Hirozed dot me is PHP

2024 March 31

Originally, I used Bradley Taunt's barf script, but there was one snag or another would come up, preventing me from just writing posts. I looked around for other static site generators, but they all seemed too overly complicated for this very small, simple blog. Then an "a ha" moment struck me. I'm a PHP developer, I know html, I can just create my own.
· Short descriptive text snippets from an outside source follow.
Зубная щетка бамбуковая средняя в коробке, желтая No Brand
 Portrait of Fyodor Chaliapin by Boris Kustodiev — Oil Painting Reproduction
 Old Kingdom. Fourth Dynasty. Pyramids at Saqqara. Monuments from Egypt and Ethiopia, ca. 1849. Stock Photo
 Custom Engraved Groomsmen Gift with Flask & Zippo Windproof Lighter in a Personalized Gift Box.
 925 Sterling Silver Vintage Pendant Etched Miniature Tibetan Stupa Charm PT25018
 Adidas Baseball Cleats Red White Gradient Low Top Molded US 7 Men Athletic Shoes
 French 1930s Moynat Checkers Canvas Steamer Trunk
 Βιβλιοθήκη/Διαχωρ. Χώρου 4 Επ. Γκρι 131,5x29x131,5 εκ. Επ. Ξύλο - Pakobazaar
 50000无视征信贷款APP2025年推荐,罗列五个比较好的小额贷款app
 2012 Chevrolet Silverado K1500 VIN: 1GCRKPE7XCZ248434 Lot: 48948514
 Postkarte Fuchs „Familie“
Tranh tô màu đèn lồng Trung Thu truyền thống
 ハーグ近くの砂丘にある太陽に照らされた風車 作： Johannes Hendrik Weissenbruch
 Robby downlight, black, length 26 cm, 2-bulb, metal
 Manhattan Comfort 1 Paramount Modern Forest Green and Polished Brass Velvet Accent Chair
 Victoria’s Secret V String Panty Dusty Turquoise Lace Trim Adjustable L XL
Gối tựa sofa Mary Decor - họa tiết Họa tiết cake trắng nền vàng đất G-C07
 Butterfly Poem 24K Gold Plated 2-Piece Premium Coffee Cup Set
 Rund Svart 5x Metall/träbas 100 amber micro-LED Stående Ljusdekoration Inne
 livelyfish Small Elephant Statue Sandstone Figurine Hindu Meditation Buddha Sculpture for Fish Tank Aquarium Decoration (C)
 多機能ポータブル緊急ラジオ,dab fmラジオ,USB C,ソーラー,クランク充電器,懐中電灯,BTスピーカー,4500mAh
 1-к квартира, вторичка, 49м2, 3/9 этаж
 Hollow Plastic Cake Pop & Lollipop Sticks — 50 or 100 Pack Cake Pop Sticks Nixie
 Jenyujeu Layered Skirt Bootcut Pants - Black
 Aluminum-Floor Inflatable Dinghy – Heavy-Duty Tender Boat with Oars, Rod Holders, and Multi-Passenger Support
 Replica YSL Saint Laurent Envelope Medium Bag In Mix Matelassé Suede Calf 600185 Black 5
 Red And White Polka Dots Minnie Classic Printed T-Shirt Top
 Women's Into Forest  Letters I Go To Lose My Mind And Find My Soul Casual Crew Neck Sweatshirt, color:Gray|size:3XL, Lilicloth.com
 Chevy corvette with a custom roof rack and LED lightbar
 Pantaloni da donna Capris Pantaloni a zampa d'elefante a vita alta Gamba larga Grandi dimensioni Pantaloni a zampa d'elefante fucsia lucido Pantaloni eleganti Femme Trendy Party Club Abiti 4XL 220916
I decided that I didn't need something complicated, and it doesn't necessarily have to convert anything to html. I'm hosting this blog on NearlyFreeSpeech, which lo and behold, provides PHP. So, all I need to do is whip up some supporting files and a simple template, and I'm off to the races.

This is the structure:
├── _assets
│   ├── _template
│   │   ├── content.html
│   │   └── index.php
│   ├── fonts
│   │   └── index.php
│   ├── img
│   │   ├── android-chrome-192x192.png
│   │   ├── android-chrome-512x512.png
│   │   ├── apple-touch-icon.png
│   │   ├── favicon-16x16.png
│   │   ├── favicon-32x32.png
│   │   └── index.php
│   ├── index.php
│   ├── php
│   │   ├── head.php
│   │   ├── index.php
│   │   ├── posts.php
│   │   └── toes.php
│   └── styles
├── [top-level-page]
│   └── index.php
├── index.php
├── posts
│   ├── [a-post]
│   │   ├── content.html
│   │   └── index.php
├── rss
│   └── index.php

The top level pages (about,uses) is an index.php file, adding the header, footer, with the content in html in the middle.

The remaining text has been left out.